What you are asked to do. The answer consists of the lines from the line holding "une salle de" through the last line of the entries, retyped exactly, and nothing else. No pictures belong in it.

Crawled caption data:
○ ○ ○ ○

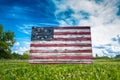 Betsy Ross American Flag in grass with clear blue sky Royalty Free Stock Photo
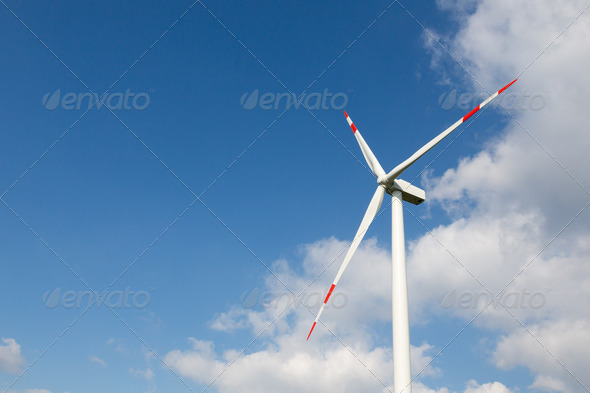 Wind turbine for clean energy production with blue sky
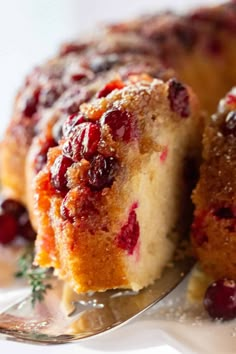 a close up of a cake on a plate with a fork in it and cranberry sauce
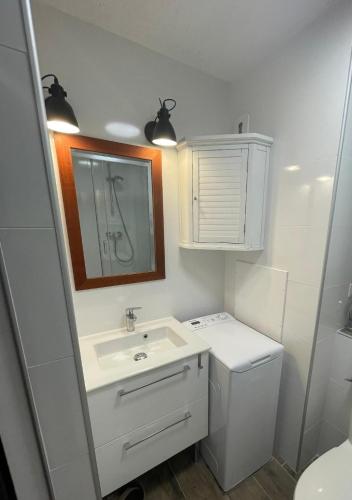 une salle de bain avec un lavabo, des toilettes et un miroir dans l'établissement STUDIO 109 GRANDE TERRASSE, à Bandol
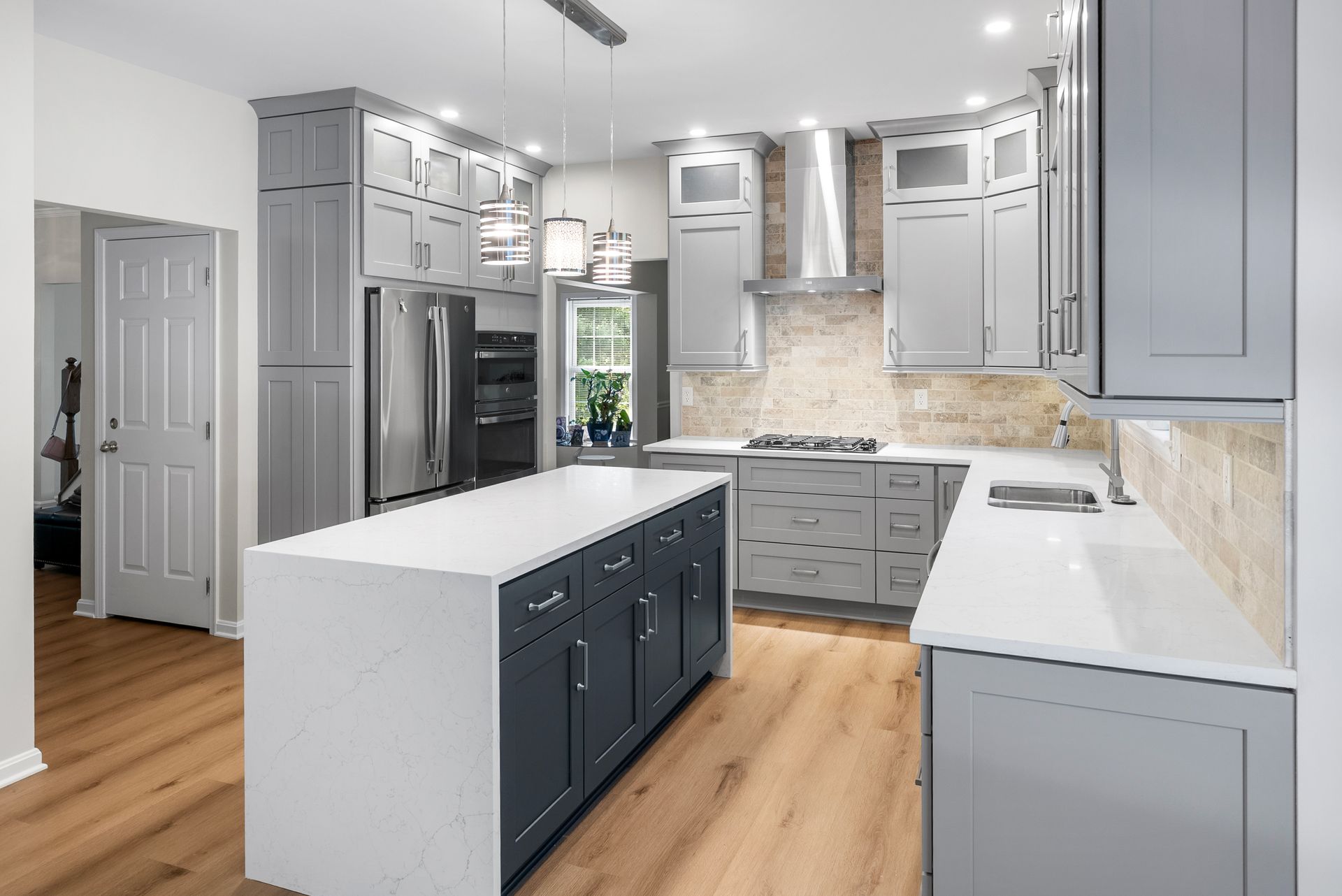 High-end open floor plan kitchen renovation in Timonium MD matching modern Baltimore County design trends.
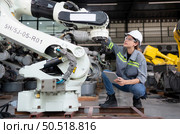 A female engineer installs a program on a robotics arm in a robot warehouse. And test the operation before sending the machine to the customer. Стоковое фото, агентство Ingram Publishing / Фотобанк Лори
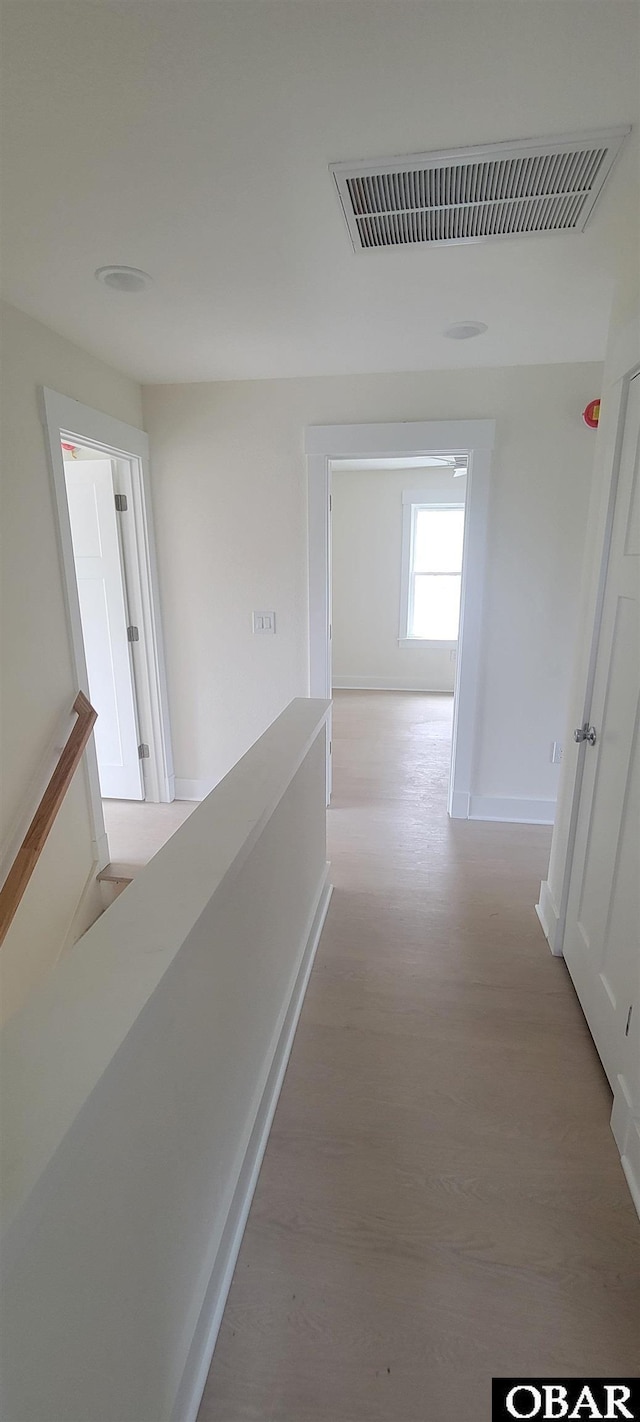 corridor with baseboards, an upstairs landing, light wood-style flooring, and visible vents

○ ○ ○ ○

Reply.
 une salle de bain avec un lavabo, des toilettes et un miroir dans l'établissement STUDIO 109 GRANDE TERRASSE, à Bandol
 High-end open floor plan kitchen renovation in Timonium MD matching modern Baltimore County design trends.
 A female engineer installs a program on a robotics arm in a robot warehouse. And test the operation before sending the machine to the customer. Стоковое фото, агентство Ingram Publishing / Фотобанк Лори
 corridor with baseboards, an upstairs landing, light wood-style flooring, and visible vents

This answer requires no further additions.